Data Augmentation is now a critical component in the ML pipeline. They help the models to achievebetter performance by augmenting the original data samples with a fixed number of pre-defined functions. The intuition is that by randomly applying augmentations to the original inputs, the machine learning models would see a more diverse set of samples at training. These models will then have a better generalization (eg. a better test accuracy) when deployed.
Pytorch has a nice summarisation of possible augmentations
Illustration of transforms - Torchvision main documentation
One particularly interesting augmentation is the later proposed CutOut
Improved Regularization of Convolutional Neural Networks with Cutout
This method randomly masks out certain square regions in both inputs and activations, and served nicely as a regularization/augmentation method, this is in fact very similar to DropBlock.
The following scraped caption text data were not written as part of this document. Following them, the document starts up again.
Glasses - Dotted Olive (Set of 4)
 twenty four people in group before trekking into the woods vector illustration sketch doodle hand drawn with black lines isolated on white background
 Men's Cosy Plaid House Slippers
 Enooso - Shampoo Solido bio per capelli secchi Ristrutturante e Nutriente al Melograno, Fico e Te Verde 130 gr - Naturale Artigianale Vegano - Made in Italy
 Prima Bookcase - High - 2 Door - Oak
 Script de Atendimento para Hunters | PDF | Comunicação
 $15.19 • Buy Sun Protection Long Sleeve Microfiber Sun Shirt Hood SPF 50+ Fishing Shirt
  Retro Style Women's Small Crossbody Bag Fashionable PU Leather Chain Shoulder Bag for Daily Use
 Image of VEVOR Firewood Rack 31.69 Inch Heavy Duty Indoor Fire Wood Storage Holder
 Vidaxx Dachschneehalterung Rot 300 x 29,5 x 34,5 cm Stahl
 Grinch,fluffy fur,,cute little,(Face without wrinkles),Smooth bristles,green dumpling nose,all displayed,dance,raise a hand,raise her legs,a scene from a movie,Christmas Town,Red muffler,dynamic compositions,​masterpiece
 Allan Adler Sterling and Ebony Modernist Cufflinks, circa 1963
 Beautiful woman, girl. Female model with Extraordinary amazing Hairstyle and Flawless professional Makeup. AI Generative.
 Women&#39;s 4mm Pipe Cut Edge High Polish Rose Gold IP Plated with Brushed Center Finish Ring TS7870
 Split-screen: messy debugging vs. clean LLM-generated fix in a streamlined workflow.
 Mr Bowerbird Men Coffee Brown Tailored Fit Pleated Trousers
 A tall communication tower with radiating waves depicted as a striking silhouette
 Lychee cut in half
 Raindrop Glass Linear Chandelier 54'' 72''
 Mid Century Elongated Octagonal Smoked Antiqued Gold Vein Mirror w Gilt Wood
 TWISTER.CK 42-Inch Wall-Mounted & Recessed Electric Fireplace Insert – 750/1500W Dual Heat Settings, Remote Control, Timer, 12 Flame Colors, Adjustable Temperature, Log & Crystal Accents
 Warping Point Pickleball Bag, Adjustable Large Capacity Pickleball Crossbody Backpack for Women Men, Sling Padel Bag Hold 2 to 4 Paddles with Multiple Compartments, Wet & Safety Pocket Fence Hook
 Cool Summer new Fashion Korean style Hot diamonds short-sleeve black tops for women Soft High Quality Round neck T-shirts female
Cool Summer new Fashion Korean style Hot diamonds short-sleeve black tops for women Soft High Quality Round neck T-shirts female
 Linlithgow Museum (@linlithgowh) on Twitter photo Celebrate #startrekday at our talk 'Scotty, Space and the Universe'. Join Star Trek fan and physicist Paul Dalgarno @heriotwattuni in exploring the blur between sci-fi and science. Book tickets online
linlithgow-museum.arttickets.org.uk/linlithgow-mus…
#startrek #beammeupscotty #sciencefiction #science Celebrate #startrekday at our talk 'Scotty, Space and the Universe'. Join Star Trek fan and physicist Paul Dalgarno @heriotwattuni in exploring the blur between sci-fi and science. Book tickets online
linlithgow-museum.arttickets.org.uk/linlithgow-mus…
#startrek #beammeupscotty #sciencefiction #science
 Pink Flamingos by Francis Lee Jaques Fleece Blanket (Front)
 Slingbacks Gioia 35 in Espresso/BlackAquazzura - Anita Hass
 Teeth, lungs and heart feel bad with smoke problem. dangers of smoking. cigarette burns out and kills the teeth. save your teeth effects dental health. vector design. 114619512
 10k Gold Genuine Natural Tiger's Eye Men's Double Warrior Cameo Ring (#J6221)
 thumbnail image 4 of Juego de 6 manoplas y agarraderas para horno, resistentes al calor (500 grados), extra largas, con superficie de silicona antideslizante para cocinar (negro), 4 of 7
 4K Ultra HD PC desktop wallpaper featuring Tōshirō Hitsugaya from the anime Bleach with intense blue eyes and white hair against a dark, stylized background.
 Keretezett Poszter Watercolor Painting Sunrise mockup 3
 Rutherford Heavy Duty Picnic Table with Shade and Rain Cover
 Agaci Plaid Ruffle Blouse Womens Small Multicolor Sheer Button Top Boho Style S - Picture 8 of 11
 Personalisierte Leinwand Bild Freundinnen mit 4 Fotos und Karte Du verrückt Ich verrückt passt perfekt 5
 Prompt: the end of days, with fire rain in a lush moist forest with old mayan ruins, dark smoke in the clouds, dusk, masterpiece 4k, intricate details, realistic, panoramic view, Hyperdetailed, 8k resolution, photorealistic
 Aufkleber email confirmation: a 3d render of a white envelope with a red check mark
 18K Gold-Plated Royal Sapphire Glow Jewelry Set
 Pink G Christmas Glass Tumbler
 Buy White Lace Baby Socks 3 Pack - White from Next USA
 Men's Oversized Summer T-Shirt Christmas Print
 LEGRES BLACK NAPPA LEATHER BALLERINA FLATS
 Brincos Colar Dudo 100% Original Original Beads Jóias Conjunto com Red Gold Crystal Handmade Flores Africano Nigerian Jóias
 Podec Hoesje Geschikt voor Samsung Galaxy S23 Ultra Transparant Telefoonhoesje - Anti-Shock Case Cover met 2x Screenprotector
DropBlock: A regularization method for convolutional networks
Cutmix later caught a lot of attentions since it proposed to mix the inputs:
CutMix: Regularization Strategy to Train Strong Classifiers with Localizable Features
People then have looked at how to combine a series of augmentations to build an augmentation pipeline. Both AutoAug and TrivilAug belongs to this degree.
TrivialAugment: Tuning-free Yet State-of-the-Art Data Augmentation
The candidate should be experienced in Object Orientated Programming in Python. Ideally, the candidate should have experience or at least willing to learn various Machine Learning frameworks in Python (such as Pytorch and Pytorch Lightning).